Paperback, 208 pages, 5.5x8.25, English
by Gavin Douglas
CD included in the book
Music in Mainland Southeast Asia is one of several case-study volumes that can be used along with Thinking Musically, the core book in the Global Music Series. Thinking Musically incorporates music from many diverse cultures and establishes the framework for exploring the practice of music around the world. It sets the stage for an array of case-study volumes, each of which focuses on a single area of the world. Each case study uses the contemporary musical situation as a point of departure, covering historical information and traditions as they relate to the present.

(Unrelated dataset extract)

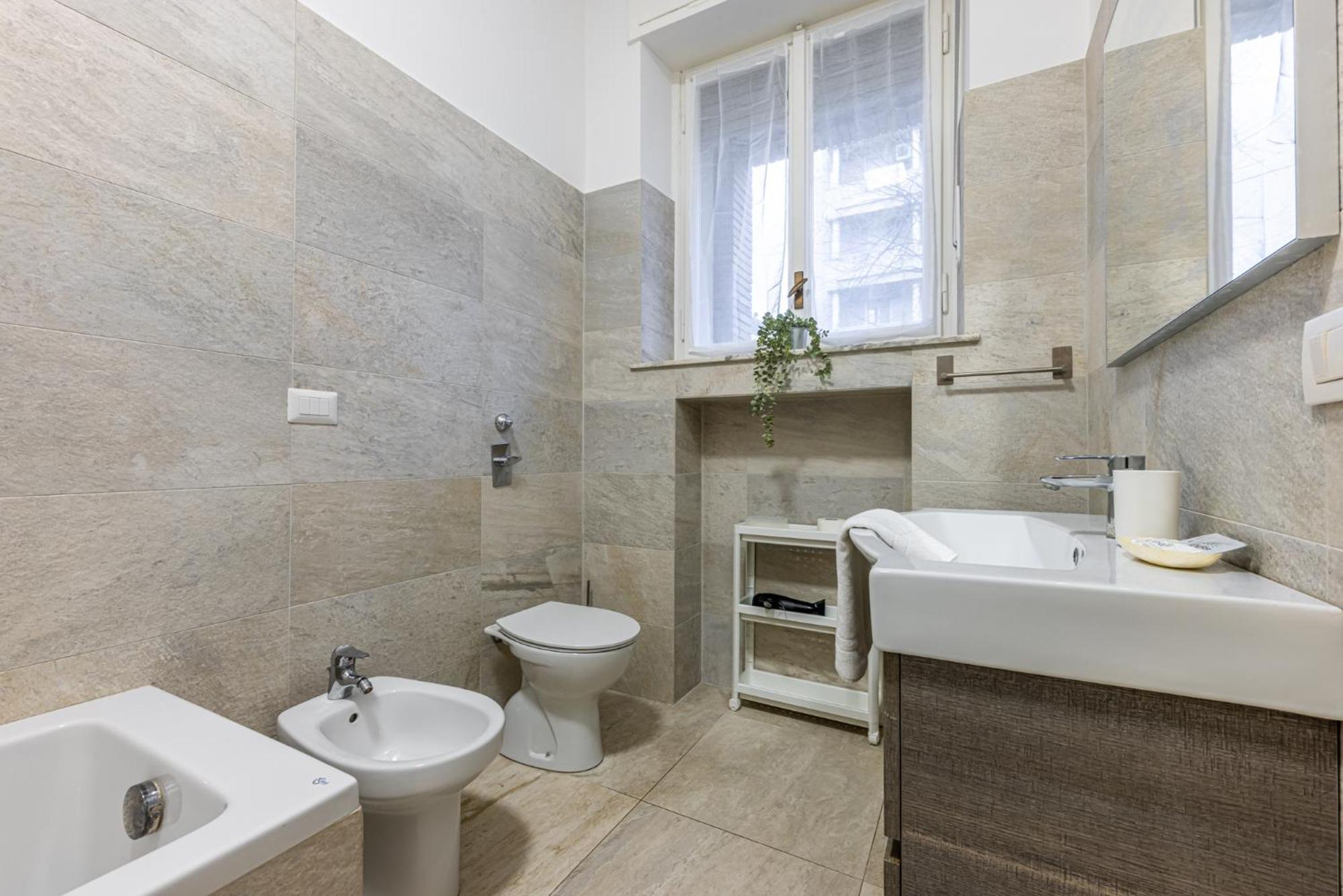 Cortivo House - Magenta 81 Apartment Милано Екстериор снимка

Mainland Southeast Asia is a culturally diverse and musically intriguing area, yet the ethnomusicological record lacks coverage of many of its musical and cultural traditions. Placing the music of this region within a social, cultural, and historical context, Music in Mainland Southeast Asia is the first brief, stand-alone volume to profile the under-represented musical traditions of Burma, Cambodia, Thailand, and Vietnam. It also contains the first introduction to Burmese music ever presented in a music textbook. Hmong music, especially qeej, is also included in this book.
Drawing on his extensive fieldwork, author Gavin Douglas frames this survey of Southeast Asian music within three key themes: music and diversity, music and political turmoil, and music and globalization. Each theme lends itself to a discussion of the region's classical musical traditions, folk traditions, and contemporary developments. Uniquely focusing on the people who practice these musical traditions--rather than the locales from which the traditions originate--the text also follows individuals out of their native lands and into diasporic communities throughout the world. A vibrant, thorough introduction, Music in Mainland Southeast Asia is ideal for introductory undergraduate courses in world music or ethnomusicology and for upper-level courses in Southeast Asian music or Southeast Asian culture. Packaged with a 70-minute CD containing musical examples, the text features numerous listening activities that actively engage students with the music and the themes. The companion website includes supplementary materials for instructors.
Gavin Douglas is Associate Professor of Ethnomusicology at The University of North Carolina at Greensboro. He has conducted research throughout mainland Southeast Asia with particular attention to Burma/Myanmar and has published his findings in numerous articles and encyclopedia entries. In addition to writing about music he plays guitar, Irish flute, and Burmese harp.